4. Zinsrichtlinie 2003/48/EG

Die Zinsrichtlinie ist zum 1. Januar 2016 aufgehoben worden.[2] Der letzte Datenaustausch auf Basis der Zinsrichtlinie erfolgt im Kalenderjahr 2016. Für Österreich gibt es eine Sonderregelungen: die Aufhebungsrichtlinie gilt hier erst ab dem 1.1.2017. Bestimmte Verpflichtungen der Zinsrichtlinie gelten jedoch temporär weiter, dies ergibt sich im Einzelnen aus Art. 1 Abs. 2 Zins-RL (die diesbezügliche Sonderregelung für Österreich findet sich in Art. 1 Abs. 3 Zins-RL). Mit der Aufhebung der Zinsrichtlinie erübrigt sich auch die letzte Änderungs-Richtlinie 2014/18/EU  vom 24.03.2014, die von den Mitgliedstaaten bis zum 01.01.2016 hätte umgesetzt werden müssen.
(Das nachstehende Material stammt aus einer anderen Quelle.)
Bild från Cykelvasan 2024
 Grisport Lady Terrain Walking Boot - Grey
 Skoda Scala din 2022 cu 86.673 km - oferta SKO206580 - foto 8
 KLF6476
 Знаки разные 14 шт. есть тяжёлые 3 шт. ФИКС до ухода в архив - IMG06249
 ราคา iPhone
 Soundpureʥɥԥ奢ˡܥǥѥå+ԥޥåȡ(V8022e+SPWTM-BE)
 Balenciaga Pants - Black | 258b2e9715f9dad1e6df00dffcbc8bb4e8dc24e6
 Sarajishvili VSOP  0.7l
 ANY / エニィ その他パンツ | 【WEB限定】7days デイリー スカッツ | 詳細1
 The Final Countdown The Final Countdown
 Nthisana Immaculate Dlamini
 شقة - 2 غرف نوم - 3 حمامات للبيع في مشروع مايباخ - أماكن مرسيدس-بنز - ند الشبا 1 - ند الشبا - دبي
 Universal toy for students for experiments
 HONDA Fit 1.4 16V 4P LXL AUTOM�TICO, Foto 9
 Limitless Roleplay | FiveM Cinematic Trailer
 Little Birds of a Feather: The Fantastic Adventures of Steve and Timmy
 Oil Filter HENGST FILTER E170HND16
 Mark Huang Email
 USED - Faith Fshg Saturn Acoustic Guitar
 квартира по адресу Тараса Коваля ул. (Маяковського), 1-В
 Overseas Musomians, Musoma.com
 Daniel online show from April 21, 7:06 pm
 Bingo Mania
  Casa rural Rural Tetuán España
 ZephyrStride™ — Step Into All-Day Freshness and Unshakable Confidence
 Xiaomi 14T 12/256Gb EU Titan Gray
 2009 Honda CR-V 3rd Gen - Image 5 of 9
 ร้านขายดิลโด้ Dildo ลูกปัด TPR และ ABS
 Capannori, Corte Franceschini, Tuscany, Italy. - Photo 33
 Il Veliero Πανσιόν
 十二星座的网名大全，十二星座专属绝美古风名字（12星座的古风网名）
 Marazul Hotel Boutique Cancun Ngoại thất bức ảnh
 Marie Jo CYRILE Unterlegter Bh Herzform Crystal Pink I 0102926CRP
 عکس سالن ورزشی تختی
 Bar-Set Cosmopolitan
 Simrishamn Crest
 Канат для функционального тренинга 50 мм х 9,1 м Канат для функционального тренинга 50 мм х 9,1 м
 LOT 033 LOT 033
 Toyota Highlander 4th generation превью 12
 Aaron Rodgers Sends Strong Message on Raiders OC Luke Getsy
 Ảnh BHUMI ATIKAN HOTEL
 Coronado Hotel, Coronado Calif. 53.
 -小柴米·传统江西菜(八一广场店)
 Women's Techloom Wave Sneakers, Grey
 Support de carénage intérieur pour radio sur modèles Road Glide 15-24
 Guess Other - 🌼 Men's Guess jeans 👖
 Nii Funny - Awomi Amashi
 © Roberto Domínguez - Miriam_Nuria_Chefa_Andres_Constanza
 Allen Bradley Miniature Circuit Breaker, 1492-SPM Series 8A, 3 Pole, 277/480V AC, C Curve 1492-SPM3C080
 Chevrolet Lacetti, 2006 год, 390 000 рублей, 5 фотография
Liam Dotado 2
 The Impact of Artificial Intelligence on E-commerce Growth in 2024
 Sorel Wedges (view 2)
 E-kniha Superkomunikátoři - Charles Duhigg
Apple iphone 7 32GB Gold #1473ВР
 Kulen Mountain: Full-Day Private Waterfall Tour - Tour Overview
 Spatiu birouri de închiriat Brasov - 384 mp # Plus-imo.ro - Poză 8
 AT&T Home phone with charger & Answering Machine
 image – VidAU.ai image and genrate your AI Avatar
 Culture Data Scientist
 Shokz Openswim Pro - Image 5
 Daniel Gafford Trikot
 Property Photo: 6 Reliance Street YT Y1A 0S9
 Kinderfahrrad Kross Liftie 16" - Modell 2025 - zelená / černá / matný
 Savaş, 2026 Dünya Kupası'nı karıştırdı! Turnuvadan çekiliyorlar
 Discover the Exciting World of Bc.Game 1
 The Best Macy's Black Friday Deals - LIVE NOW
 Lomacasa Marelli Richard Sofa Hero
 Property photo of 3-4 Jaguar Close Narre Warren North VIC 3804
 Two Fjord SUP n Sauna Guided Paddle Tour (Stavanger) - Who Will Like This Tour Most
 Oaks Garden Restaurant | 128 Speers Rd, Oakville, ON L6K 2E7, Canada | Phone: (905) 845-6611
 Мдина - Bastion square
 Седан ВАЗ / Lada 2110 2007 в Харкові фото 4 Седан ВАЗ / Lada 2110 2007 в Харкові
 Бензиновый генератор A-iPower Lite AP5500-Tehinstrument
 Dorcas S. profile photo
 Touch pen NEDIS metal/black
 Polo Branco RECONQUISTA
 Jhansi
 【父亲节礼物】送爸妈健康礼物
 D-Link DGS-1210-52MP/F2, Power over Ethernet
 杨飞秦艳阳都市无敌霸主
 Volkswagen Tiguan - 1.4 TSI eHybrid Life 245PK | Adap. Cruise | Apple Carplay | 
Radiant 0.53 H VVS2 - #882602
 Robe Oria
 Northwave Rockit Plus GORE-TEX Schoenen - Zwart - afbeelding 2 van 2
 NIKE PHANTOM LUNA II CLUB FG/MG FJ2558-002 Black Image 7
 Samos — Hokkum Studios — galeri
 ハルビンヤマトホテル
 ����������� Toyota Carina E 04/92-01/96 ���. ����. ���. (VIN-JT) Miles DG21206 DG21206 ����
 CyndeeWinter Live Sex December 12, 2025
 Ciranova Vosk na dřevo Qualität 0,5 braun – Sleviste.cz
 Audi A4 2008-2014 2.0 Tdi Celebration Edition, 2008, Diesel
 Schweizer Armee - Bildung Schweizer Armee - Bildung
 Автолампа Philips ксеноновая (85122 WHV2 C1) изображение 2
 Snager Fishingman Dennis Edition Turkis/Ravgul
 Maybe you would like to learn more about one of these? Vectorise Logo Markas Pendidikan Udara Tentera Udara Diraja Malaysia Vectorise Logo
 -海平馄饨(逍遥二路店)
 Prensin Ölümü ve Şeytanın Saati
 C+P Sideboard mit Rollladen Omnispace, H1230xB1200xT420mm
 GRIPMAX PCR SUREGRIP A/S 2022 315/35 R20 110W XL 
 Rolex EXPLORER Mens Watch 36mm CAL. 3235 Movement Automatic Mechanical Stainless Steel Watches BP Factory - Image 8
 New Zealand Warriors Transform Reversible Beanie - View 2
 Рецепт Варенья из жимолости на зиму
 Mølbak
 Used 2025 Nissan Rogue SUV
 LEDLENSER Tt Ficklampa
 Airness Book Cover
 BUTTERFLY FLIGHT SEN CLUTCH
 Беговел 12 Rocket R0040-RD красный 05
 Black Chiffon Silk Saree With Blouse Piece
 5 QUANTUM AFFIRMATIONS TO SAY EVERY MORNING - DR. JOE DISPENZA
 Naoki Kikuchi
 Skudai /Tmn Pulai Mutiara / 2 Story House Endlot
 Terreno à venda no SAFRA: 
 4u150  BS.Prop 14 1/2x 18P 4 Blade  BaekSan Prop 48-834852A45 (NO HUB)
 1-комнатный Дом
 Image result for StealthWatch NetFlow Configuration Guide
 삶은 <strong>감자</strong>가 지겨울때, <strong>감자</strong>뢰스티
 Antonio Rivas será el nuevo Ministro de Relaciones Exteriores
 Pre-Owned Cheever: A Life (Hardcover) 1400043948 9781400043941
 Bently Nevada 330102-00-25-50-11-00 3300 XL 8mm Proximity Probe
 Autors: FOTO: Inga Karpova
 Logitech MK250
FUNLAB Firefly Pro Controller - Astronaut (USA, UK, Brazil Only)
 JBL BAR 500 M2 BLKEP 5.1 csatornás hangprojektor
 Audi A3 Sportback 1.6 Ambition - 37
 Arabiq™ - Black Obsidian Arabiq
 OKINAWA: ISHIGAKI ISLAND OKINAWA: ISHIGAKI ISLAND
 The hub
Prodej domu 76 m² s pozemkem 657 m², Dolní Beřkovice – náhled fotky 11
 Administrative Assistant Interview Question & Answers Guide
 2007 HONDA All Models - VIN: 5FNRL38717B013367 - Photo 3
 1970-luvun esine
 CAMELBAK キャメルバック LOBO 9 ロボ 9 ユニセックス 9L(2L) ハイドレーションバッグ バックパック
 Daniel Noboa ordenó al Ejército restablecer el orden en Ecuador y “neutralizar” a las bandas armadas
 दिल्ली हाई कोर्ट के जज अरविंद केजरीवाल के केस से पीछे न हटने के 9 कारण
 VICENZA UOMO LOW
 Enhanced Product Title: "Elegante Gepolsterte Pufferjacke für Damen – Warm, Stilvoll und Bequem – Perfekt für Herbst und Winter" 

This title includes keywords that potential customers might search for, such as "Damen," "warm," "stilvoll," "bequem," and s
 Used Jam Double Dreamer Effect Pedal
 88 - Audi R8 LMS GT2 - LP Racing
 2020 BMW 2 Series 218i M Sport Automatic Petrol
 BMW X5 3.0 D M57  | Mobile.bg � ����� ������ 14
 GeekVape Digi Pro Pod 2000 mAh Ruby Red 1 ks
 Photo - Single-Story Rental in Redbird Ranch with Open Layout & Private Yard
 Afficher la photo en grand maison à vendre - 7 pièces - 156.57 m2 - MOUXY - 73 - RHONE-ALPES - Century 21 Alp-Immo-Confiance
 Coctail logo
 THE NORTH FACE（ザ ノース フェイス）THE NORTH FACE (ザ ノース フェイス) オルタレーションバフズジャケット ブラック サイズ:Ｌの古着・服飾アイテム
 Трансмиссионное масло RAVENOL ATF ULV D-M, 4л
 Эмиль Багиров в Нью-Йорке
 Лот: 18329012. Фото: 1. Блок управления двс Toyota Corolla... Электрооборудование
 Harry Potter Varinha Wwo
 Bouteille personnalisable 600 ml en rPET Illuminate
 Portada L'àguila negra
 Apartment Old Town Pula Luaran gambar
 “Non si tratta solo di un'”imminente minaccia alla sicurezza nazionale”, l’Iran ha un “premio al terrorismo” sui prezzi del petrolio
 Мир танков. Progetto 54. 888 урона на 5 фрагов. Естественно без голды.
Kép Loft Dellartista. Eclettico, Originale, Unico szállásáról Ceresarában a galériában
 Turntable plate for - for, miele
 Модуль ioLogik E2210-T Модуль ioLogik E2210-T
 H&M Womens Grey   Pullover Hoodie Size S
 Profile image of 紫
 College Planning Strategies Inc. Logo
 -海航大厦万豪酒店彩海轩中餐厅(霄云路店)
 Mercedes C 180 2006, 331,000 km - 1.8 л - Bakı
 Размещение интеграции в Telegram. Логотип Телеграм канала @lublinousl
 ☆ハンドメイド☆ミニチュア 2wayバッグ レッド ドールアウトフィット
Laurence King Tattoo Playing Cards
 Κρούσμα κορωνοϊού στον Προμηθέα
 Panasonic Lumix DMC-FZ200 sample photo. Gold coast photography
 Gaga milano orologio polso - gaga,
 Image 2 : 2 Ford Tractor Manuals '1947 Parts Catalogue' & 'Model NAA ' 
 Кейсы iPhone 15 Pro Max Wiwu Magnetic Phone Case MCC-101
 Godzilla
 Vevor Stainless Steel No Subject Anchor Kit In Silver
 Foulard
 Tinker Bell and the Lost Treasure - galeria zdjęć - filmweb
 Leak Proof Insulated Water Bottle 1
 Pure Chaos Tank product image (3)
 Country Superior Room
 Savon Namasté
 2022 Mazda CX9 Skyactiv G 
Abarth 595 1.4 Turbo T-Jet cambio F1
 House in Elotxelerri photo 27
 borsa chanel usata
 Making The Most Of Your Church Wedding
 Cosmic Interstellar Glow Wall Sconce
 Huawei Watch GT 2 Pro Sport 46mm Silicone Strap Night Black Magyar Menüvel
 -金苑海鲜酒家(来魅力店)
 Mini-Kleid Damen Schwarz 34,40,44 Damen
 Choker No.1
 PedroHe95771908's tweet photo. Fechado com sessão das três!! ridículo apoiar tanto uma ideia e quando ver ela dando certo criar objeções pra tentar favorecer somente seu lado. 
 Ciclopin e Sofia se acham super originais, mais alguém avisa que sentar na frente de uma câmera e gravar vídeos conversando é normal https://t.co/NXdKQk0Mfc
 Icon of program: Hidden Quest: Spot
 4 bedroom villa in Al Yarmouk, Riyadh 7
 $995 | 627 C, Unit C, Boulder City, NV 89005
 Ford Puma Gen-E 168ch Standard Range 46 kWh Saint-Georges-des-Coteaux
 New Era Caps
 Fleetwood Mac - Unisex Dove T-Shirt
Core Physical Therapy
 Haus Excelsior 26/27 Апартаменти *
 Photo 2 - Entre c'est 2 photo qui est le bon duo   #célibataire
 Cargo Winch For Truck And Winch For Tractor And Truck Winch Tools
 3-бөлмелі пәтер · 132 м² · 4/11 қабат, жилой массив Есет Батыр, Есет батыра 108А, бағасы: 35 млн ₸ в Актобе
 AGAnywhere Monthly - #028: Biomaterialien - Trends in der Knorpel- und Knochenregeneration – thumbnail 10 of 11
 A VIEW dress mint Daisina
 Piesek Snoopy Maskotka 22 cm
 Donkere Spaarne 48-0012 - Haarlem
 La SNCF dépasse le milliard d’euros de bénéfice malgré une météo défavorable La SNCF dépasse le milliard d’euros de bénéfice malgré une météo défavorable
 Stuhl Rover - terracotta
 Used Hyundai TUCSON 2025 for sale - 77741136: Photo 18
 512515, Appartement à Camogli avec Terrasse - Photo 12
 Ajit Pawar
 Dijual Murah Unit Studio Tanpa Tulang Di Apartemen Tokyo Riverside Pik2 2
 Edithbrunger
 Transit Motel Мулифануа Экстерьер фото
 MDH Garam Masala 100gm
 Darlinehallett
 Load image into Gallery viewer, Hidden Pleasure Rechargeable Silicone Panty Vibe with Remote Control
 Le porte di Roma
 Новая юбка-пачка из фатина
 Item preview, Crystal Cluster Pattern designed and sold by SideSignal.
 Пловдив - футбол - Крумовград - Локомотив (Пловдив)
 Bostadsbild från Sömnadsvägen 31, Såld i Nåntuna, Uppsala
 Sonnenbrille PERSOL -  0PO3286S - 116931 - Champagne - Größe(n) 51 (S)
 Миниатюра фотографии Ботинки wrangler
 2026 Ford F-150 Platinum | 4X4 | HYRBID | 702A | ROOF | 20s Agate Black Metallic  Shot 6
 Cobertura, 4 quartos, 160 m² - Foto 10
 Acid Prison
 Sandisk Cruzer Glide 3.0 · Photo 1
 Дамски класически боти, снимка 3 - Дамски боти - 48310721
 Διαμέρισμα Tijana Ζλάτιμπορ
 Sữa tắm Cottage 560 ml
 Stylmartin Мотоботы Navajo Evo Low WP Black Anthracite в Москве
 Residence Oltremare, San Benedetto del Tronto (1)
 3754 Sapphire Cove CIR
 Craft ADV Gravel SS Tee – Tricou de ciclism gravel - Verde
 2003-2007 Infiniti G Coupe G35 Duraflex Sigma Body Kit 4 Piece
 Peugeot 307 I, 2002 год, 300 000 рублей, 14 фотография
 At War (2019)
Grund der Aufhebung der Zinsrichtlinie war die Verschärfung der Maßnahmen zur Bekämpfung der Steuerhinterziehung auf EU-Ebene  und auch auf internationaler Ebene.[3] Dadurch auftretende Überschneidungen (konkret: ein doppeltes Meldesystem) sollen durch die Aufhebung der Zinsrichtlinie vermieden werden. Bestehende Vereinbarungen der EU mit Drittstaaten, die auf der Zinsrichtlinie basieren, sollen an den neuen Standard angepasst werden[4]

Exkurs: Die Regelungen der Zinsrichtlinie

Anlass der Zinsrichtlinie war die Verzerrung der in den Art. 56 bis 60 EG-Vertrag garantierten Freiheit des Kapitalverkehrs durch die Vermeidung der Besteuerung bzw. die geringe Akzeptanz, auf erzielte Kapitaleinkünfte Steuern zu zahlen. Mit der Zinsrichtlinie soll eine effektive Besteuerung von Zinserträgen, die natürliche Personen in einem anderen Mitgliedstaat als ihrem Wohnsitzstaat erzielen, nach den Rechtsvorschriften des Wohnsitzstaates erreicht werden. Ergänzend zur Zinsrichtlinie, die zwischen den EU-Mitgliedstaaten gilt, gibt es das Abkommen zwischen der Schweizerischen Eidgenossenschaft und der Europäischen Gemeinschaft über Regelungen, die den in der Richtlinie 2003/48/EG des Rates im Bereich der Besteuerung von Zinserträgen festgelegten Regelungen gleichwertig sind.[5]

Das Konzept der Zinsrichtlinie basiert auf einem Informationsaustausch zwischen den Mitgliedstaaten über Zinszahlungen an natürliche Personen. Der Quellenstaat erteilt Auskunft über die Kapitalerträge an den Wohnsitzstaat, die Besteuerung der Zinserträge erfolgt dann nach den Regeln des Wohnsitzstaates. Die Quellensteuer wird zwischen Quellen- und Wohnsitzstaat im Verhältnis 1:3 aufgeteilt.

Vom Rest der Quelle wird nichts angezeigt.